[[ Records for the task, beginning ]]

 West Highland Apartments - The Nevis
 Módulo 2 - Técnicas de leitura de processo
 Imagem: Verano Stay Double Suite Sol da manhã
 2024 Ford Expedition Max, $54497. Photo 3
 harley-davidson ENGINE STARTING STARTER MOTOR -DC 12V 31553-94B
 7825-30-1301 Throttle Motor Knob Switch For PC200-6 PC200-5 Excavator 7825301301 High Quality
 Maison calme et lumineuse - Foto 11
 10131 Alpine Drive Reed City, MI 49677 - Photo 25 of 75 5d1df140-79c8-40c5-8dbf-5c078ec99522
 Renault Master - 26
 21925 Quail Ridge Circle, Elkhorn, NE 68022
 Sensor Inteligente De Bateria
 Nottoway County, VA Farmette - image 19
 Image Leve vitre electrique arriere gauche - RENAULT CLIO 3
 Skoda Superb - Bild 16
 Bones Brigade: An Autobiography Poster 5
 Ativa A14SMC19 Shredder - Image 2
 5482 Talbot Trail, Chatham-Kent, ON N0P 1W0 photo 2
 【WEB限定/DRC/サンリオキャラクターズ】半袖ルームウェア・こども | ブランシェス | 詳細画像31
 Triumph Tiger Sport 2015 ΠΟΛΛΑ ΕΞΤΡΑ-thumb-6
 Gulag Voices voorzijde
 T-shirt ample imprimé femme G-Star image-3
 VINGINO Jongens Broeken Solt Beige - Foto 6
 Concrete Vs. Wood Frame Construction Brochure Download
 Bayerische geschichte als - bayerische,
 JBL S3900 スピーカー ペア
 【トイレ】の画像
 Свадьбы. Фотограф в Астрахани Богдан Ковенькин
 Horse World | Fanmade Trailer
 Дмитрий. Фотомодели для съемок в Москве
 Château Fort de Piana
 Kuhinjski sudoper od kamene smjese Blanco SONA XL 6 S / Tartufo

[[ Records for the task, end ]]

_Your objective:_ Your answer must be the line that contains "Bayerische geschichte als" and every line after it to the end of the records, reproduced exactly.

_Written answer:_
 Bayerische geschichte als - bayerische,
 JBL S3900 スピーカー ペア
 【トイレ】の画像
 Свадьбы. Фотограф в Астрахани Богдан Ковенькин
 Horse World | Fanmade Trailer
 Дмитрий. Фотомодели для съемок в Москве
 Château Fort de Piana
 Kuhinjski sudoper od kamene smjese Blanco SONA XL 6 S / Tartufo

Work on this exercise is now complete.